Collaborative Research: Chronology and Ecology of Late Pleistocene Megafauna at Rancho La Brea
Los Angeles County Museum Of Natural History Foundation, Los Angeles CA
Investigators
Abstract
The Rancho La Brea tar pits of Los Angeles, California contain thousands of bones from large mammals --dire wolves, sabertooth cats, coyotes, extinct bison, horses, and others-- trapped in sticky surface oil deposits during the last Ice Age. This unparalleled fossil assemblage allows rigorous studies of extinct mammal biology, especially of carnivores which are rare at most fossil sites. The La Brea fossils span a critical time in Earth's history (approximately 50,000 years ago to the present) that includes major events such as the end of the last Ice Age, the arrival of humans in North America, and an extinction that killed two thirds of the large mammals on the continent. This unique deposit will be used to investigate relationships between major environmental changes and evolutionary variation (size, diet, etc.) in large mammals, information that is critical for promoting the survival of wildlife today.
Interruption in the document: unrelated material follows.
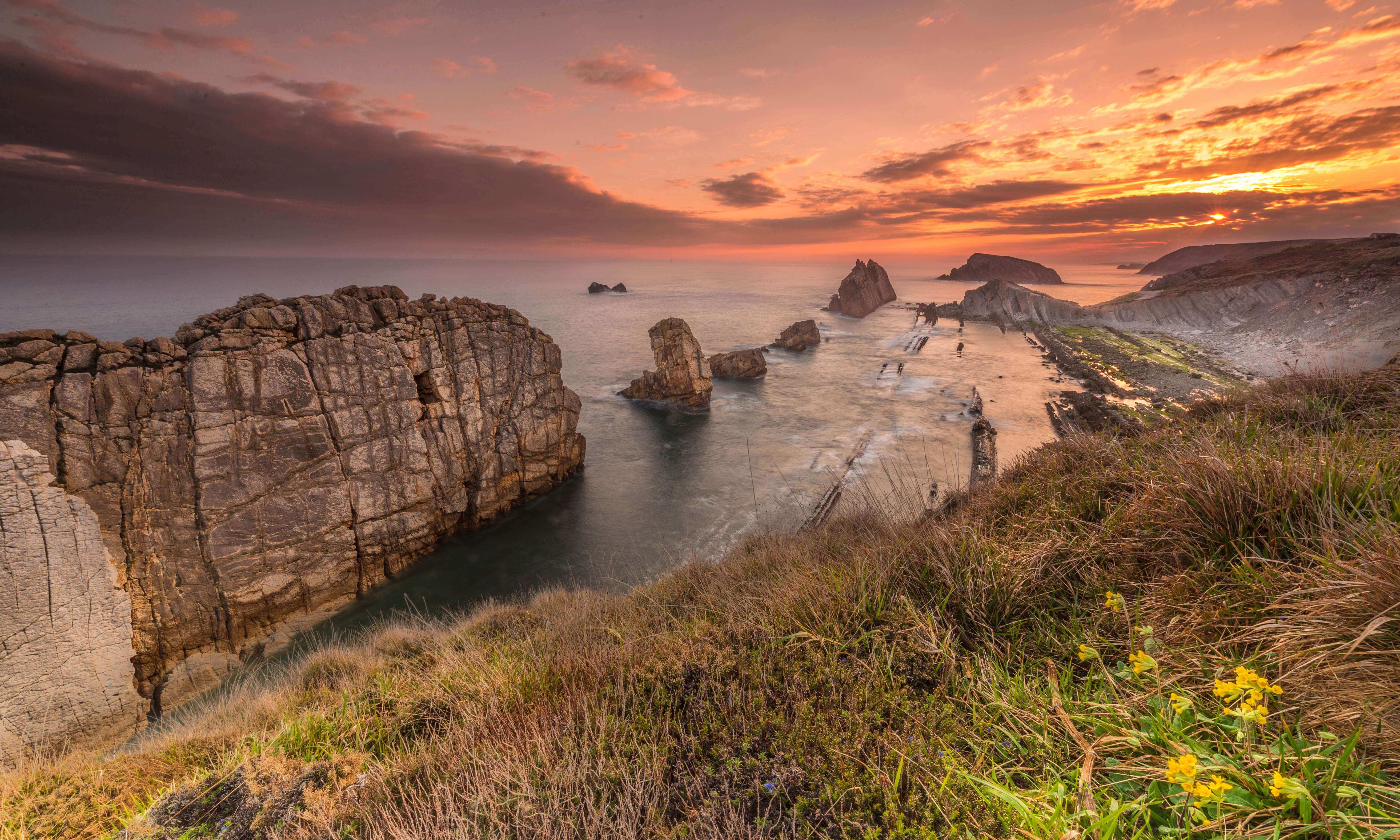 Wallpapers Playa de La Arnia Cantabria Spain on the desktop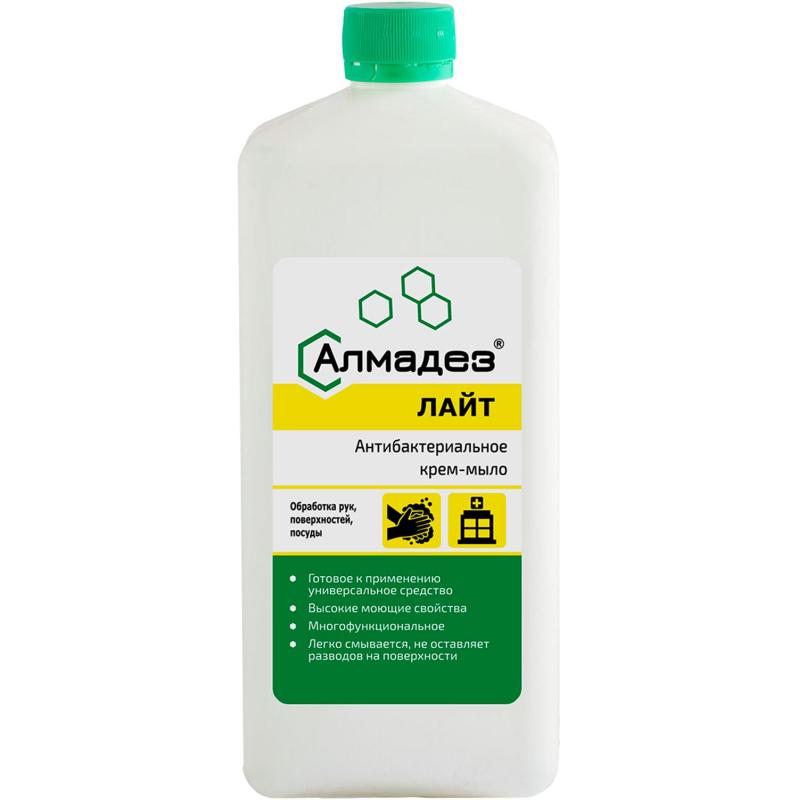 Мыло жидкое дезинф. Алмадез-Лайт антибактериальное 1,0 л(крышка)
The project involves significant community outreach in the greater Los Angeles area through the Tar Pits Museum and will create educational content that will be available online for high school teachers across the country. The major impediment to system-level study at Rancho La Brea is a paucity of radiocarbon dates and the resulting inability to correlate biotic change with time. This project will intensively radiocarbon date samples from multiple pits spanning the last 50,000 years to establish the first detailed chronology for the entrapment of four extinct species of large mammals, and one extant species. It will involve the collection and compilation of census data for these species to track changes in total abundance and diversity, as well as data on morphological and dietary changes. A well-resolved chronology will allow these data on evolutionary changes in mammals and the Pleistocene megafaunal extinctions to be linked to existing records of major paleo-environmental changes. This work will have broad implications for our understanding of extinctions, survival, environmental variables, and humans on mammalian ecology, which is directly relevant to modern conservation. This award reflects NSF's statutory mission and has been deemed worthy of support through evaluation using the Foundation's intellectual merit and broader impacts review criteria.